Um nó formou-se em minha garganta, a pele exposta dos meus braços e pernas estavam congeladas e eu não sentia nada. Ainda podia ver as cores das árvores, de alguns anúncios, placas, comércios e lojas resistirem ao breu que a tempestade estava nos impondo, mas o jovem ao meu lado estava misturando-se facilmente aqueles tons mórbidos ao nosso redor.

Sentei-me, deixando as minhas pernas penduradas sobre a barreira.

— E o que aconteceu...?

Ele conectou os nossos olhares pela primeira vez e eu engoli em seco.

— Fui obrigado a seguir os caras de preto. — Deu de ombros.

Voltei a olhar para o horizonte, dando-me conta do rumo em que eu estava tomando. Minhas roupas eram coloridas, meus objetos de valor eram coloridos, meu modo de ver todas as coisas era colorido... Eu nasci sendo uma pessoa colorida.

— Eu sinto que está faltando algo dentro de mim todos os dias. — Revelou o jovem, brincando com os dedos, olhando para baixo. — Eu também já estive bem aqui nesta ponte, neste mesmo lugar, sentindo o mesmo peso que você está sustentando sobre os seus ombros.
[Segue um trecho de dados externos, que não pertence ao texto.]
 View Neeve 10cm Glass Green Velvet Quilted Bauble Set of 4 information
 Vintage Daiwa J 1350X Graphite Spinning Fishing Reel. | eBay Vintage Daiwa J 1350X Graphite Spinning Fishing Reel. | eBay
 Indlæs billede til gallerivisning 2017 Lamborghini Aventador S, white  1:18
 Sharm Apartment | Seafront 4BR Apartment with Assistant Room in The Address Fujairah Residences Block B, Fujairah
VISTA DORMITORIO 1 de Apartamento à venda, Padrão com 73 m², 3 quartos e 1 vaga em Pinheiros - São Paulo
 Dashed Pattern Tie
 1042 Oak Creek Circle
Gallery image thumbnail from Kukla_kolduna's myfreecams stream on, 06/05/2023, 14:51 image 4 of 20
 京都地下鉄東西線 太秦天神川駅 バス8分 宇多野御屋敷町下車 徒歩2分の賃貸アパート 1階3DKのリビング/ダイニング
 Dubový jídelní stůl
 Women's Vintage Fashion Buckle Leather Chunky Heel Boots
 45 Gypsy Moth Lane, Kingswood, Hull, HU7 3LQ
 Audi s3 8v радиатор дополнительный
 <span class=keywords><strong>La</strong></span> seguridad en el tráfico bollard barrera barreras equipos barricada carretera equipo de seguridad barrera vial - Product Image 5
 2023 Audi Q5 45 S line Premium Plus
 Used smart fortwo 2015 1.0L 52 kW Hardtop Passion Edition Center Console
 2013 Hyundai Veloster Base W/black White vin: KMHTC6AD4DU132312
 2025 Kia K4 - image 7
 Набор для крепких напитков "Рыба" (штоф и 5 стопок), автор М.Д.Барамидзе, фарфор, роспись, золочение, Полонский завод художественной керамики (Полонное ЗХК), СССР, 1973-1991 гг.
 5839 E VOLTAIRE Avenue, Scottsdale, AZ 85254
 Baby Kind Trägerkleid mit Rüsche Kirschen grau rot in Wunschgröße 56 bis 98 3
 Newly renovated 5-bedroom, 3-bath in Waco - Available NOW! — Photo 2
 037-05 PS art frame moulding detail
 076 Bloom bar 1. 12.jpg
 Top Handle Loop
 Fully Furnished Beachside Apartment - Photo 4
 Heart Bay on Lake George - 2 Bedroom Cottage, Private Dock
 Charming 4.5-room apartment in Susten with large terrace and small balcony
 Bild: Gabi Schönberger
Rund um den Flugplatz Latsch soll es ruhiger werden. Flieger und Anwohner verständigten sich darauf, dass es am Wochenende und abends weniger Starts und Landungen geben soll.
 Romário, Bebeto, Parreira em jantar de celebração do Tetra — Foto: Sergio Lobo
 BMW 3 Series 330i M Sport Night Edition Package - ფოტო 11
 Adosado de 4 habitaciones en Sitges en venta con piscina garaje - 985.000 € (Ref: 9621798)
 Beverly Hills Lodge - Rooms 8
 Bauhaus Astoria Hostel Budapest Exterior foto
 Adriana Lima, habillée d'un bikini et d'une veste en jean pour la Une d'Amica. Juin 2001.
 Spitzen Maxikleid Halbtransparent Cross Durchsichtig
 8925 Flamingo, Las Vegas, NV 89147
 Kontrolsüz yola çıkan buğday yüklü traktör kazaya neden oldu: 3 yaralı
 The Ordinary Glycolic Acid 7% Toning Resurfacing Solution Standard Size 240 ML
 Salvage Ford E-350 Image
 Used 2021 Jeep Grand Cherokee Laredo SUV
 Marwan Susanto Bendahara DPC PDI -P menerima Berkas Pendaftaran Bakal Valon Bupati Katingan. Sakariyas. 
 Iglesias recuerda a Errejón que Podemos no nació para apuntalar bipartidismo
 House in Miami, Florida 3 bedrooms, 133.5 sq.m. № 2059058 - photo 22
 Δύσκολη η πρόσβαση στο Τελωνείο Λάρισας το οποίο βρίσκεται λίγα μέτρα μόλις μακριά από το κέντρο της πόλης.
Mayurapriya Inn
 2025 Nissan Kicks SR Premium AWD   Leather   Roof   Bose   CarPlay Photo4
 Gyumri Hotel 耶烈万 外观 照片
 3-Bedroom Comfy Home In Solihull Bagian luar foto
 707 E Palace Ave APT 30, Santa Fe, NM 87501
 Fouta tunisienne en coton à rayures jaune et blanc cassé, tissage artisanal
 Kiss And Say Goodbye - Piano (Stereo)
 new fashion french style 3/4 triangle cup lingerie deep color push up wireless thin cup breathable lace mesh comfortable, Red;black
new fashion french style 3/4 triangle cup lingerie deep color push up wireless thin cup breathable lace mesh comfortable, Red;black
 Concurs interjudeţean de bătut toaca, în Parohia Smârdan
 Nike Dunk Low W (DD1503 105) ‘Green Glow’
Eu também já me senti assim, com o fardo das minhas cores massacrando o meu interior. Então, eu falhei, fui levado para um ambulatório e, aos poucos, fui sendo padronizado. Hoje, eu só enxergo o cinza, o preto e o branco. Nem mesmo as cores frias eu consigo visualizar.

Meu peito pareceu estar comprimindo-se sob minhas roupas, o medo começou a cutucar-me, senti um pingo pesado pousar no meu nariz, outro na minha testa e, em pouco tempo, estávamos sendo envolvidos pela chuva.

— Diga-me... — ele balbuciou, ignorando o barulho torrencial ao nosso redor. — As árvores ainda têm o mesmo tom de verde?

Acenei positivamente com a cabeça e ele sorriu, seus olhos estavam marejados.

— E o céu ainda fica muito azul depois de uma tempestade. — Retribuí o seu sorriso e ficamos nos encarando por alguns segundos, os pingos da chuva escorrendo por nossos rostos, fazendo as lágrimas misturarem-se com a água da chuva. — Afinal, qual é o seu plano?

O jovem apagado passou as mãos nos fios molhados e acabou retirando a gravata encharcada pelo colarinho. Seus olhos assumiram um tom fraco de vermelho, a primeira cor que surgiu daquele olhar nublado.

Podia ser coisa da minha imaginação, mas eu jurava que ele sabia o momento exato em que a chuva cessaria e as nuvens voariam para bem longe, deixando o céu iluminado outra vez. Talvez, a rispidez e a pressa com que os pingos começaram a cair sobre nós tivesse sido o alarme crucial para ele. De qualquer forma, o tempo parecia estar a nosso favor.

— Não se entregue. — Ele sentenciou, sorrindo abertamente quando notou a claridade voltando, junto com um sorriso meu. — Mas, também, não permaneça como está. Eu me rebelei, falhei, perdi. Você está se rendendo, desistindo, perdendo.

Franzi o cenho quando ele, inesperadamente, estendeu a mão para me ajudar a descer da barreira. Eu aceitei sua ajuda. Aceitei sentir a firmeza do chão sob os meus pés, enchendo-me de segurança.

Olhei em volta, admirada, encantada, como se estivesse enxergando tudo pela primeira vez. O céu estava mesmo pintado com um azul muito bonito. Cada construção parecia reluzir, flamejar, e cada folha aparentava estar mais verde. O amarelo vivo dos raios solares fazia tudo entrar em harmonia.

Elas estavam todas ali, ainda fazendo morada dentro de mim.

— Você tem as cores — ele tocou o dedo indicador em meu peito, sinalizando o lugar do coração — e eu tenho os materiais artísticos. — Apontou para a sua cabeça, sinalizando o lugar do cérebro. — Todos os conflitos que temos, sejam eles racionais ou emocionais, são causados pela falta de equilíbrio.

Ele tinha razão, tudo era sempre exagerado demais.

Tudo era preto no branco.

Então, surgiu um arco-íris.

— Eu posso te ajudar a combinar as cores... — prosseguiu, sério — ...e você pode me ajudar a colorir algumas ideias.

Aquela era a melhor sensação de liberdade que já senti e, por todas as cores que eu tinha, decidi pegar os meus pincéis, transformando o mundo em uma grande tela artística.